### EXERCISE INSTRUCTIONS
The records that follow should be copied out exactly, pictures excluded.

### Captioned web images
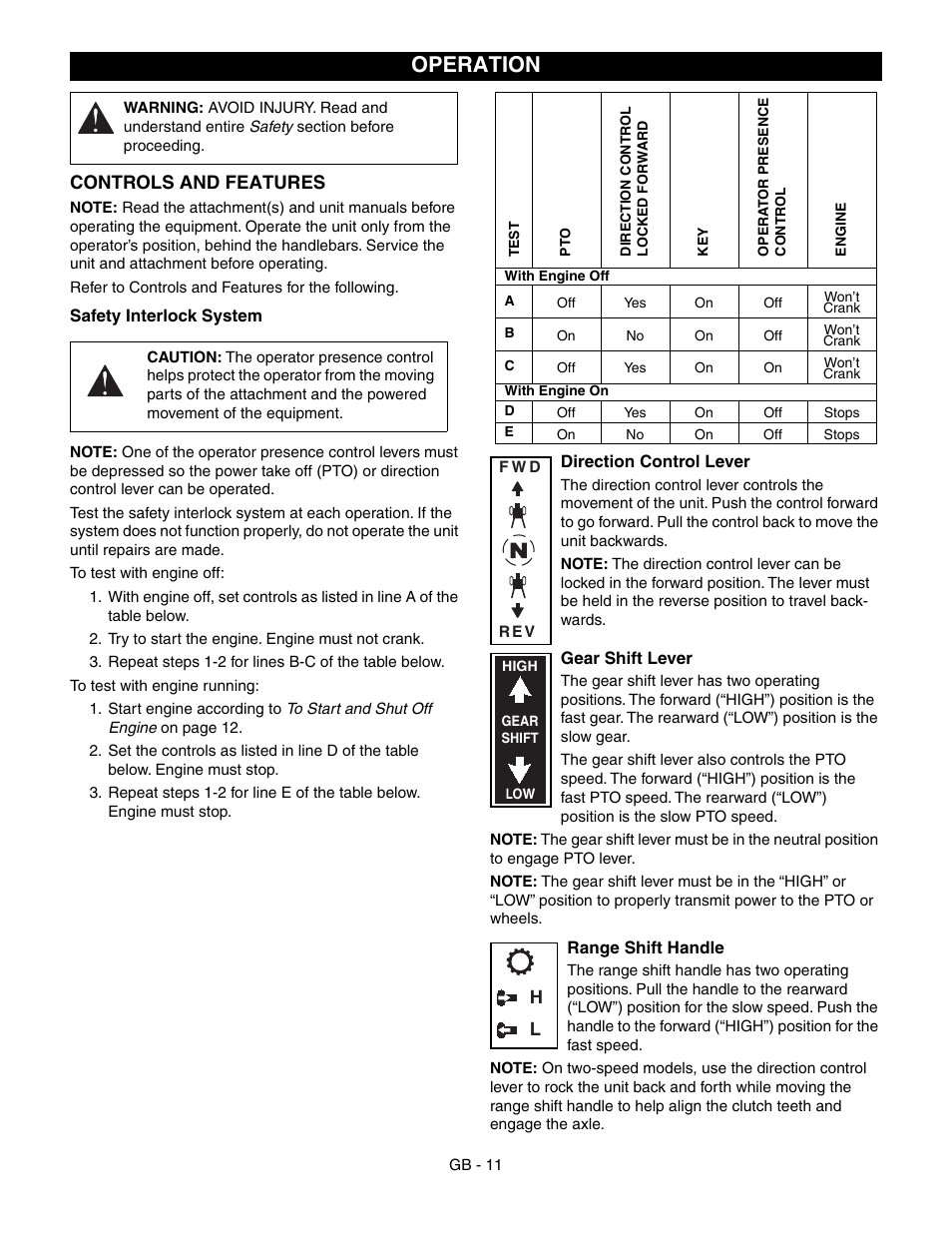 Operation, Test | Ariens 985115 User Manual | Page 11 / 24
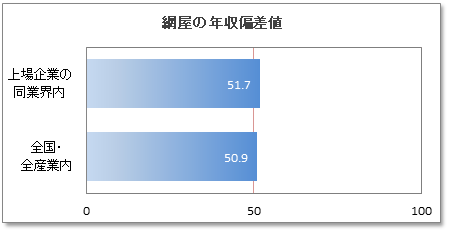 網屋の年収偏差値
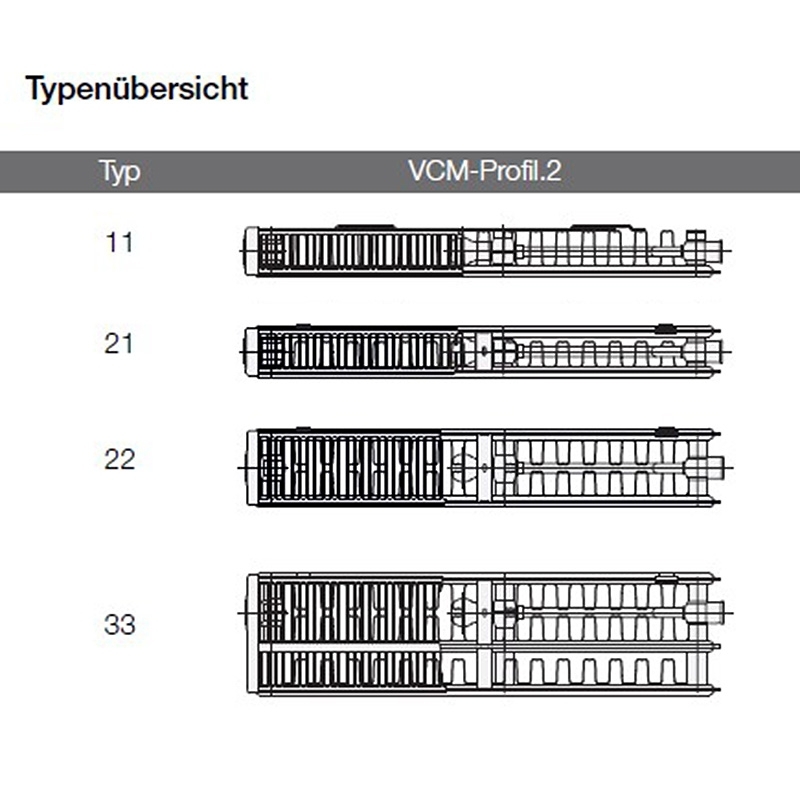 Logatrend VCM-Profil.2 Ventilheizkörper Mittenanschluss Set 11-900-400 mm weiß inkl. Befestigung - 5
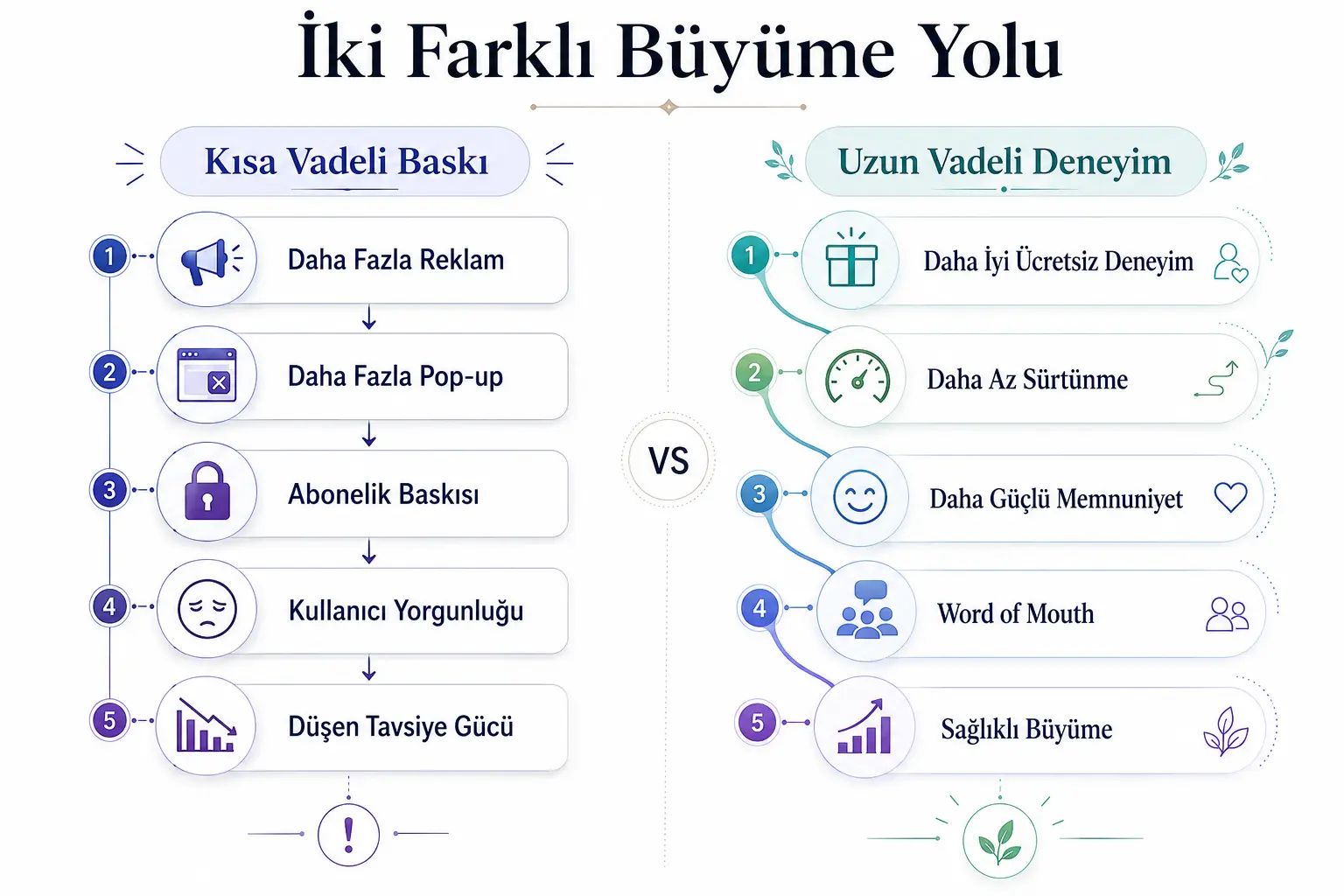 “İki Farklı Büyüme Yolu” diyagramı: solda kısa vadeli baskı (daha fazla reklam, daha fazla pop-up, abonelik baskısı, kullanıcı yorgunluğu, düşen tavsiye gücü), sağda uzun vadeli deneyim (daha iyi ücretsiz deneyim, daha az sürtünme, daha güçlü memnuniyet, word of mouth, sağlıklı büyüme)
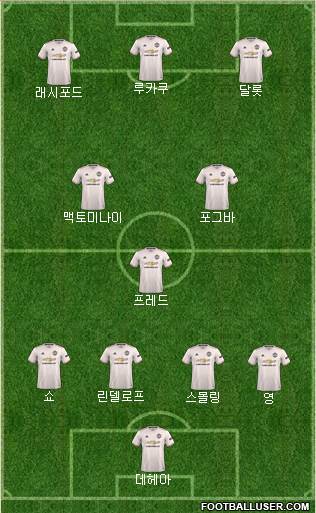 Manchester United Formation 2019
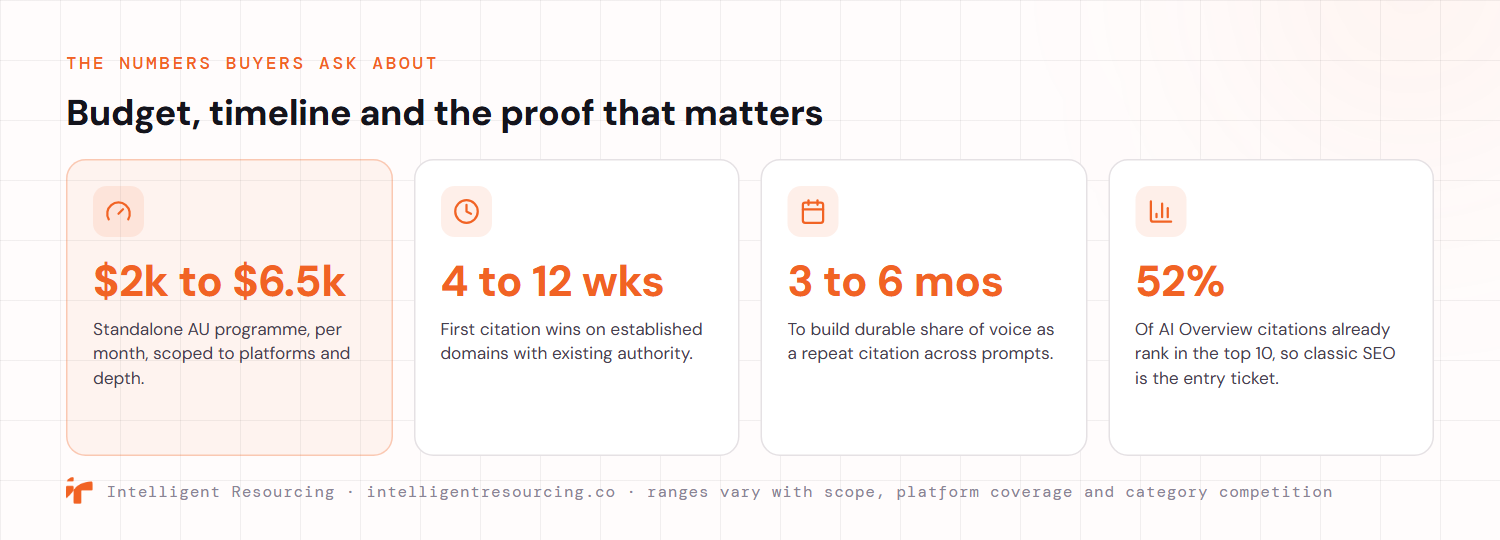 The numbers buyers ask about. A standalone Australian AI visibility programme commonly runs about 2,000 to 6,500 dollars per month, scoped to platforms and depth. First citation wins commonly appear in four to twelve weeks on established domains with existing authority. Durable share of voice, becoming a repeat citation across prompts, builds over three to six months. And 52% of AI Overview citations already rank in the top 10, so classic SEO is the entry ticket, not the finish line.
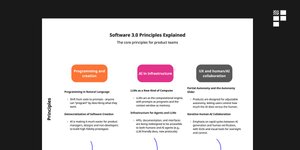 Thumbnail of Software 3.0: What product teams need to know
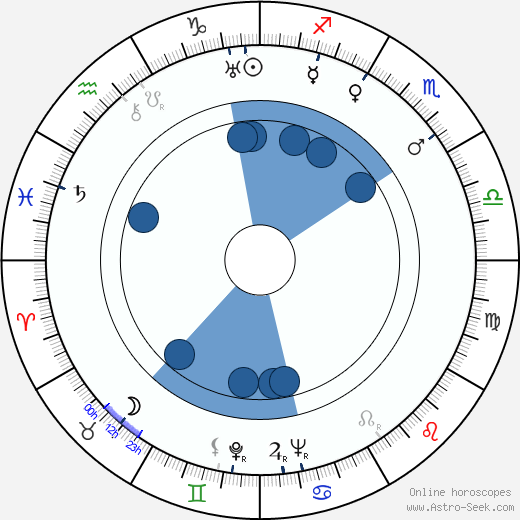 Imperio Argentina wikipedia, horoscope, astrology, instagram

### TASK SOLUTION
 Operation, Test | Ariens 985115 User Manual | Page 11 / 24
 網屋の年収偏差値
 Logatrend VCM-Profil.2 Ventilheizkörper Mittenanschluss Set 11-900-400 mm weiß inkl. Befestigung - 5
 “İki Farklı Büyüme Yolu” diyagramı: solda kısa vadeli baskı (daha fazla reklam, daha fazla pop-up, abonelik baskısı, kullanıcı yorgunluğu, düşen tavsiye gücü), sağda uzun vadeli deneyim (daha iyi ücretsiz deneyim, daha az sürtünme, daha güçlü memnuniyet, word of mouth, sağlıklı büyüme)
 Manchester United Formation 2019
 The numbers buyers ask about. A standalone Australian AI visibility programme commonly runs about 2,000 to 6,500 dollars per month, scoped to platforms and depth. First citation wins commonly appear in four to twelve weeks on established domains with existing authority. Durable share of voice, becoming a repeat citation across prompts, builds over three to six months. And 52% of AI Overview citations already rank in the top 10, so classic SEO is the entry ticket, not the finish line.
 Thumbnail of Software 3.0: What product teams need to know
 Imperio Argentina wikipedia, horoscope, astrology, instagram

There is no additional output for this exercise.